__EXERCISE INSTRUCTIONS__
Every line of the material below should be output exactly as written, with the images skipped.

__DATASET EXCERPTS__
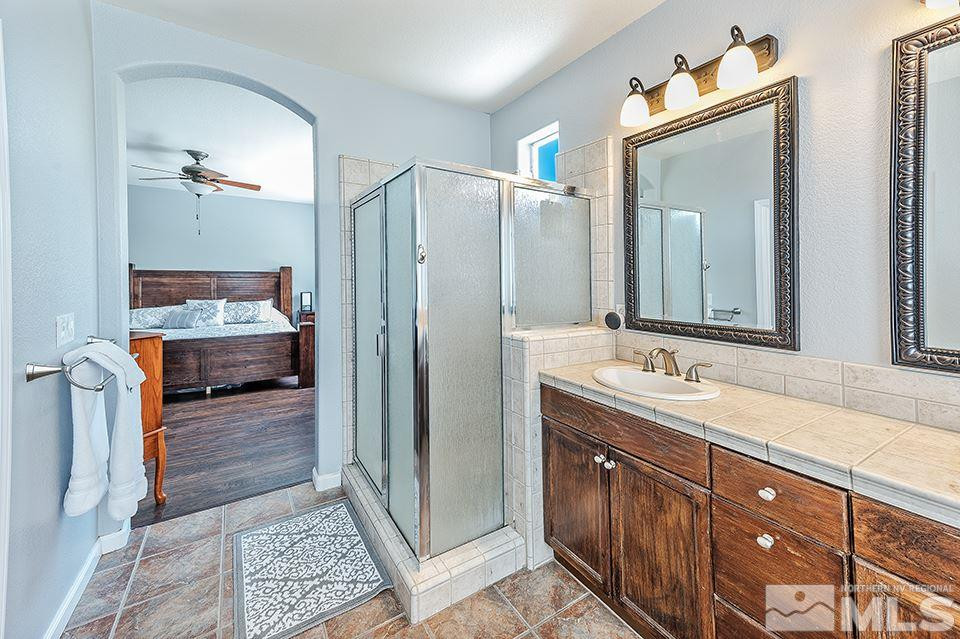 1783 Back Country Road Reno, NV 89521 - Photo 11 of 16 a en suite bathroom with a sink and a mirror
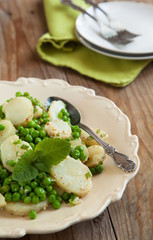 Potato salad with mint and peas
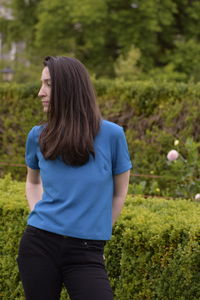 Young woman standing by plants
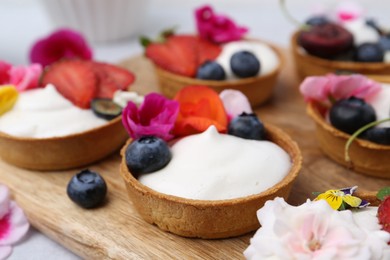 Photo of Sweet tartlets with berries and flowers on grey table, closeup. Delicious dessert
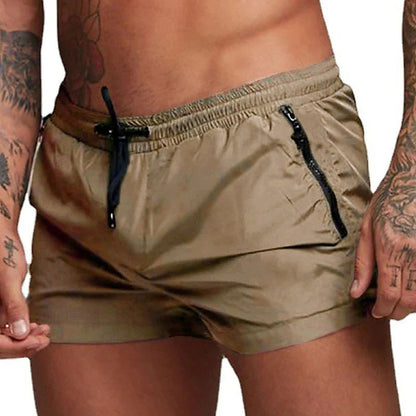 Detailopname van de tailleband van de Max zwemshort, toont de verstelbare trekkoord en de stevige afwerking van deze zwemshort.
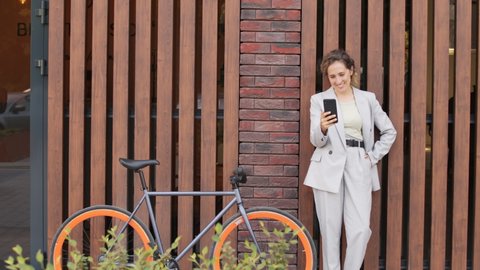 Front-view stab slowmo shot of smiling young elegant businesswoman in pant suit having video chat on smartphone standing against wall outdoors next to her bike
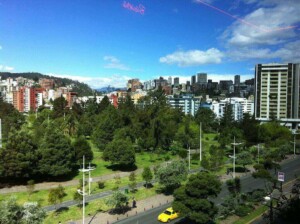 A cityscape with tall buildings under a blue sky, featuring a large green park with trees in the foreground. A yellow car and a few other vehicles are visible on the nearby road, capturing the vibrant hustle of Formação da Empresa.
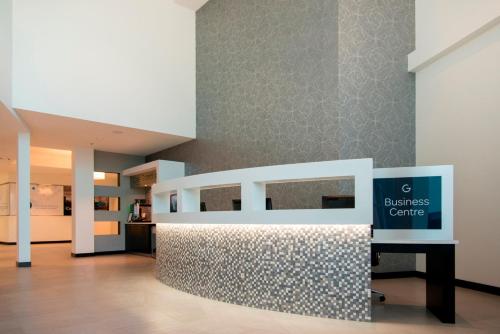 a lobby with a table with a sign that reads diabetes care at The Grand Winnipeg Airport Hotel by Lakeview in Winnipeg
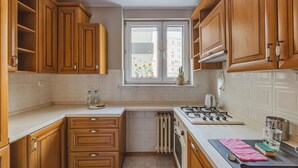 Een keuken met houten kastjes, een raam met uitzicht, een fornuis en een aanrecht met een waterkoker en een glas.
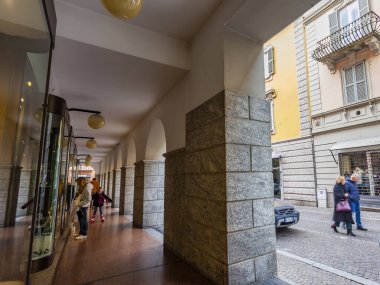 Lecco, İtalya, 16 Şubat 2020. Tarihi bir binada tipik şehir manzarası. İnsanlar güzel bir caddede yürüyorlar.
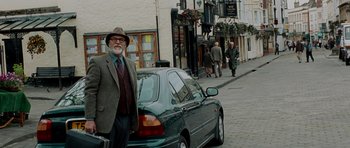 Movie still from “Hot Fuzz” (2007), directed by Edgar Wright – An older man standing next to a car on a city street; Wide shot, Over the shoulder angle
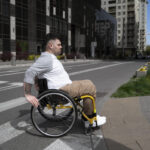 Man in wheelchair crossing the street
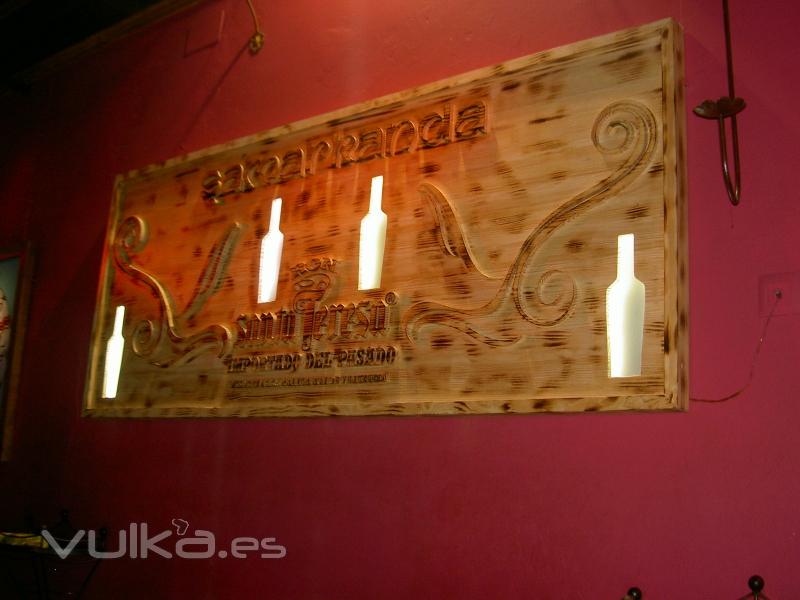 Tablero de madera fresado en bajo relieve con huecos para botellas iluminado.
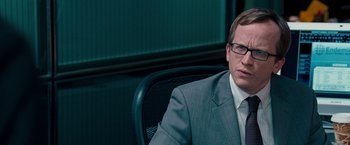 Movie still from “The Other Guys” (2010), directed by Adam McKay – A man in a suit and tie sitting in a chair; Close Up shot, Over the shoulder angle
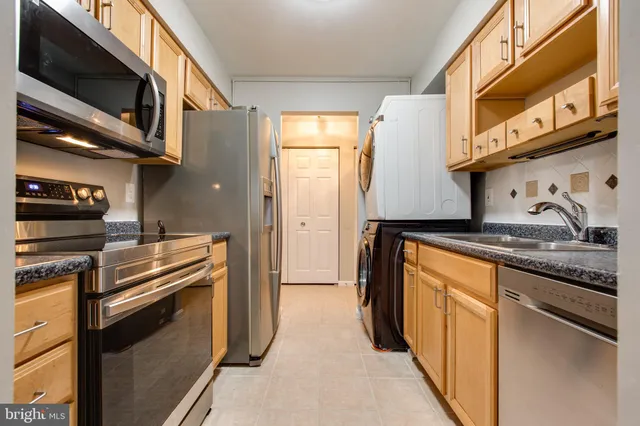 a kitchen with stainless steel appliances granite countertop a stove and a microwave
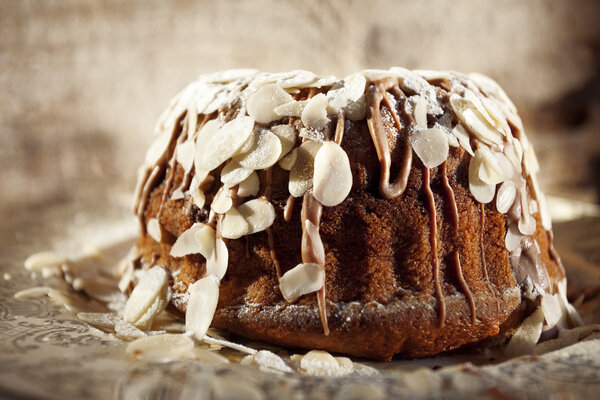 Delicious cake with chocolate and almonds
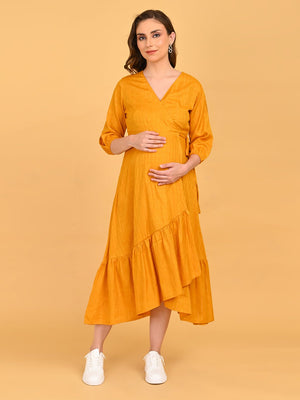 Heavily pregnant model posing with her hand over bump, yellow go go maternity wrap dress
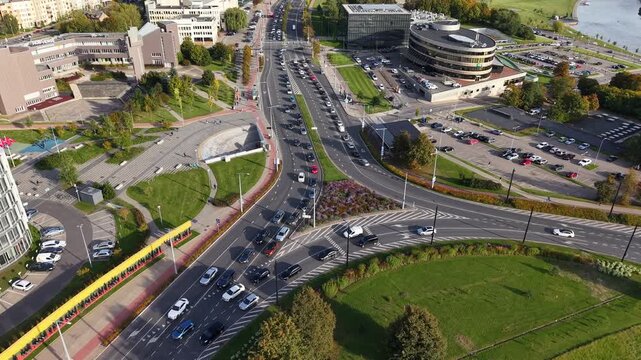 Drone pulls back and rises over heavy rush hour traffic in Vilnius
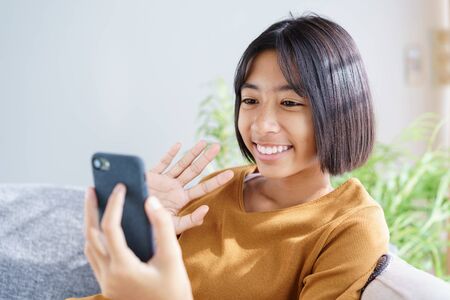 Happy Asian little girl video call on the smartphone and waving in greeting while sitting in the living room at home. Concept of relaxation and lifestyle at homeの写真素材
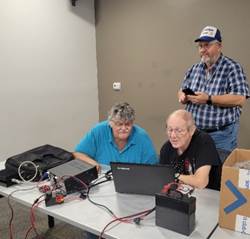 A group of people sitting in chairs

AI-generated content may be incorrect.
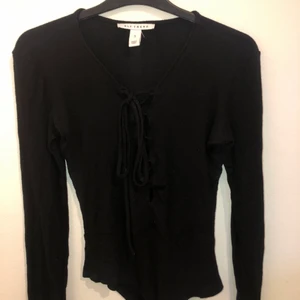 Body  - En långärmad ribbad body från Nelly men snördetaljer fram, storlek S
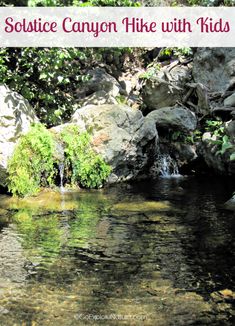 a small pond surrounded by rocks and trees with text overlay saying solstic canyon hike with kids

__YOUR SOLUTION__
 1783 Back Country Road Reno, NV 89521 - Photo 11 of 16 a en suite bathroom with a sink and a mirror
 Potato salad with mint and peas
 Young woman standing by plants
 Photo of Sweet tartlets with berries and flowers on grey table, closeup. Delicious dessert
 Detailopname van de tailleband van de Max zwemshort, toont de verstelbare trekkoord en de stevige afwerking van deze zwemshort.
 Front-view stab slowmo shot of smiling young elegant businesswoman in pant suit having video chat on smartphone standing against wall outdoors next to her bike
 A cityscape with tall buildings under a blue sky, featuring a large green park with trees in the foreground. A yellow car and a few other vehicles are visible on the nearby road, capturing the vibrant hustle of Formação da Empresa.
 a lobby with a table with a sign that reads diabetes care at The Grand Winnipeg Airport Hotel by Lakeview in Winnipeg
 Een keuken met houten kastjes, een raam met uitzicht, een fornuis en een aanrecht met een waterkoker en een glas.
 Lecco, İtalya, 16 Şubat 2020. Tarihi bir binada tipik şehir manzarası. İnsanlar güzel bir caddede yürüyorlar.
 Movie still from “Hot Fuzz” (2007), directed by Edgar Wright – An older man standing next to a car on a city street; Wide shot, Over the shoulder angle
 Man in wheelchair crossing the street
 Tablero de madera fresado en bajo relieve con huecos para botellas iluminado.
 Movie still from “The Other Guys” (2010), directed by Adam McKay – A man in a suit and tie sitting in a chair; Close Up shot, Over the shoulder angle
 a kitchen with stainless steel appliances granite countertop a stove and a microwave
 Delicious cake with chocolate and almonds
 Heavily pregnant model posing with her hand over bump, yellow go go maternity wrap dress
 Drone pulls back and rises over heavy rush hour traffic in Vilnius
 Happy Asian little girl video call on the smartphone and waving in greeting while sitting in the living room at home. Concept of relaxation and lifestyle at homeの写真素材
 A group of people sitting in chairs

AI-generated content may be incorrect.
 Body  - En långärmad ribbad body från Nelly men snördetaljer fram, storlek S
 a small pond surrounded by rocks and trees with text overlay saying solstic canyon hike with kids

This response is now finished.